Just want to note here that the platform firmware can only describe
the tiers of static memory present at boot. CXL hotplug breaks this
model and the kernel is left to dynamically determine the device's
performance characteristics and the performance of the topology to
reach that device. Now, the platform firmware does set expectations
for the perfomance class of different memory ranges, but there is no
way to know in advance the performance of devices that will be asked
to be physically or logically added to the memory configuration. That
said, it's probably still too early to define ABI for those
exceptional cases where the kernel needs to make a policy decision
about a device that does not fit into the firmware's performance
expectations, but just note that there are limits to the description
that platform firmware can provide.

I agree that NUMA distance alone is inadequate and the kernel needs to
make better use of data like ACPI HMAT to determine the default
tiering order.

2022-05-03 00:37:04

by Dave Hansen

[permalink] [raw]
Subject: Re: RFC: Memory Tiering Kernel Interfaces

> The current memory tiering interface needs to be improved to address
> several important use cases:

FWIW, I totally agree. We knew when that code went in that the default
ordering was feeble. There were patches to export the demotion order
and allow it to be modified from userspace, but they were jettisoned at
some point.

> Memory tiering hierarchy is rebuilt upon hot-add or hot-remove of a
> memory node, but is NOT rebuilt upon hot-add or hot-remove of a CPU
> node.

Yeah, this would be a welcome improvement if we can get there.

> * /sys/devices/system/node/memory_tiers
>
> Format: node list (one tier per line, in the tier order)
>
> When read, list memory nodes by tiers.

Nit: this would seems to violate the one-value-per-file sysfs guideline.
It can be fixed by making tiers actual objects, which would have some
other nice benefits too.

2022-05-03 00:56:17

by Davidlohr Bueso

[permalink] [raw]
Subject: Re: RFC: Memory Tiering Kernel Interfaces

Nice summary, thanks. I don't know who of the interested parties will be
at lsfmm, but fyi we have a couple of sessions on memory tiering Tuesday
at 14:00 and 15:00.

On Fri, 29 Apr 2022, Wei Xu wrote:

>The current kernel has the basic memory tiering support: Inactive
>pages on a higher tier NUMA node can be migrated (demoted) to a lower
>tier NUMA node to make room for new allocations on the higher tier
>NUMA node. Frequently accessed pages on a lower tier NUMA node can be
>migrated (promoted) to a higher tier NUMA node to improve the
>performance.

Regardless of the promotion algorithm, at some point I see the NUMA hinting
fault mechanism being in the way of performance. It would be nice if hardware
began giving us page "heatmaps" instead of having to rely on faulting or
sampling based ways to identify hot memory.

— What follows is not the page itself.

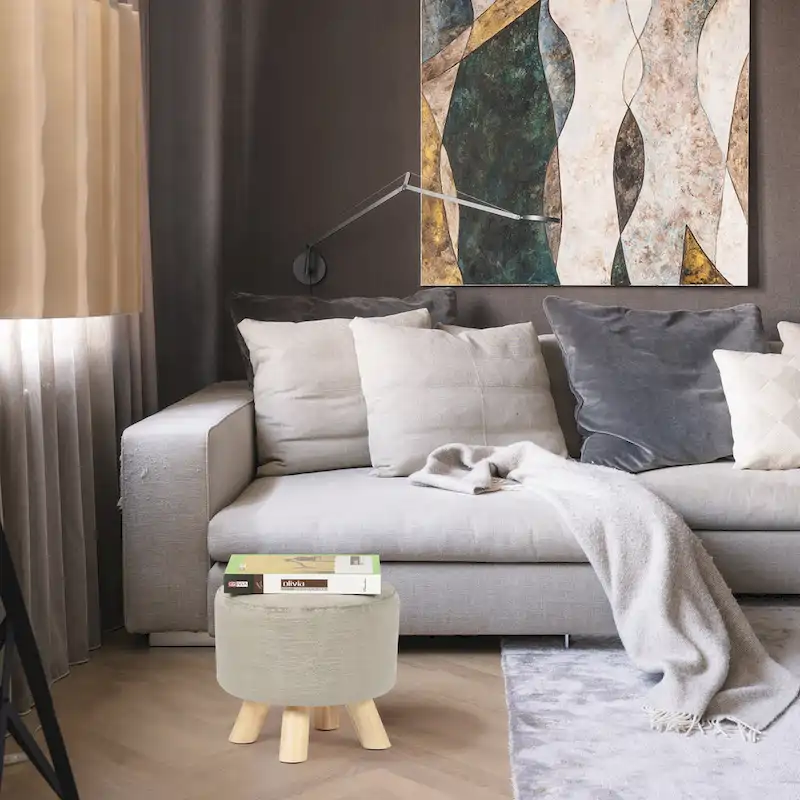 Adeco Modern Round Ottoman Home Footrest Stool/ Linen Fabric Seat Pouf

>A tiering relationship between NUMA nodes in the form of demotion path
>is created during the kernel initialization and updated when a NUMA
>node is hot-added or hot-removed. The current implementation puts all
>nodes with CPU into the top tier, and then builds the tiering hierarchy
>tier-by-tier by establishing the per-node demotion targets based on
>the distances between nodes.
>
>The current memory tiering interface needs to be improved to address
>several important use cases:
>
>* The current tiering initialization code always initializes
> each memory-only NUMA node into a lower tier. But a memory-only
> NUMA node may have a high performance memory device (e.g. a DRAM
> device attached via CXL.mem or a DRAM-backed memory-only node on
> a virtual machine) and should be put into the top tier.

At least the CXL memory (volatile or not) will still be slower than
regular DRAM, so I think that we'd not want this to be top-tier. But
in general, yes I agree that defining top tier as whether or not the
node has a CPU a bit limiting, as you've detailed here.

>Tiering Hierarchy Initialization
>================================
>
>By default, all memory nodes are in the top tier (N_TOPTIER_MEMORY).
>
>A device driver can remove its memory nodes from the top tier, e.g.
>a dax driver can remove PMEM nodes from the top tier.
>
>The kernel builds the memory tiering hierarchy and per-node demotion
>order tier-by-tier starting from N_TOPTIER_MEMORY. For a node N, the
>best distance nodes in the next lower tier are assigned to
>node_demotion[N].preferred and all the nodes in the next lower tier
>are assigned to node_demotion[N].allowed.
>
>node_demotion[N].preferred can be empty if no preferred demotion node
>is available for node N.

Upon cases where there more than one possible demotion node (with equal
cost), I'm wondering if we want to do something better than choosing
randomly, like we do now - perhaps round robin? Of course anything
like this will require actual performance data, something I have seen
very little of.

>Memory tiering hierarchy is rebuilt upon hot-add or hot-remove of a
>memory node, but is NOT rebuilt upon hot-add or hot-remove of a CPU
>node.

I think this makes sense.

Thanks,
Davidlohr

2022-05-03 01:08:24

by Yang Shi

[permalink] [raw]
Subject: Re: RFC: Memory Tiering Kernel Interfaces

Hi Wei,

Thanks for the nice writing. Please see the below inline comments.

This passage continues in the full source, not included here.